Epicurus saw philosophy as a trade which helps people in the process of achieving life’s gratification. In his opinion, ethics was the highlight of philosophy, while logic and physics were methods for understanding the meaning of life. Epicurus thought, following the earlier Greek philosopher Democritus, that world doesn’t consist of special substances such as spirits, but of two simple things: particles (atoms, the indivisible ones) and absolute emptiness or void. The universe was limitless and eternal and all events within it were the result of interaction and movements of these particles in empty space. Furthermore, he got rid of determinism which was present in earlier “atomistic theory” – considering the random movements of particles in the void determinism cannot exist. That way he introduced the influence of free will on not just universe, but also individuals. As a consequence, new atomism hypothesised that physical reality, human society and moral law by which we live materialized as a spontaneous phenomenon that didn’t demand any divine intervention or a leader to introduce them to us.
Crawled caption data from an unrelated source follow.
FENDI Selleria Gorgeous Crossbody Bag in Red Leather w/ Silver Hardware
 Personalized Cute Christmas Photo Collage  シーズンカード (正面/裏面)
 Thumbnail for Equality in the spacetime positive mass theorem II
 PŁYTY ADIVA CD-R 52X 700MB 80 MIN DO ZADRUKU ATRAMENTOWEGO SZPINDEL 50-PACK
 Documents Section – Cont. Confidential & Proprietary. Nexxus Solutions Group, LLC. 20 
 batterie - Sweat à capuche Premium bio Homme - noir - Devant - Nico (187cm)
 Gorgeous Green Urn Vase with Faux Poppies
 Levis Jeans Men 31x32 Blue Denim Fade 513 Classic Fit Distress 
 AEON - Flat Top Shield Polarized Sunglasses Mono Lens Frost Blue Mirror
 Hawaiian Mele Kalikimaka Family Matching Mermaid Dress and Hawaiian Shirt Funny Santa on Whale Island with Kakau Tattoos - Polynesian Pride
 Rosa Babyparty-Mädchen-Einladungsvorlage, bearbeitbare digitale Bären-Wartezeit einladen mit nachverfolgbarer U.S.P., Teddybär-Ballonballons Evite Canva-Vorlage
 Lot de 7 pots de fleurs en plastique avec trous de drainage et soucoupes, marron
Our world, like many others, was created by accident.
In more recent theory, it’s not possible to place atoms into the realm of real things, yet their existence is proven. The stable bonds between them construct all traits of the matter, like its colour or hardness. It’s impossible to slow down the movements of the atoms because there’s no friction in empty space, so they are in eternal vibration. Every phenomenon that exists is the result of these shivers.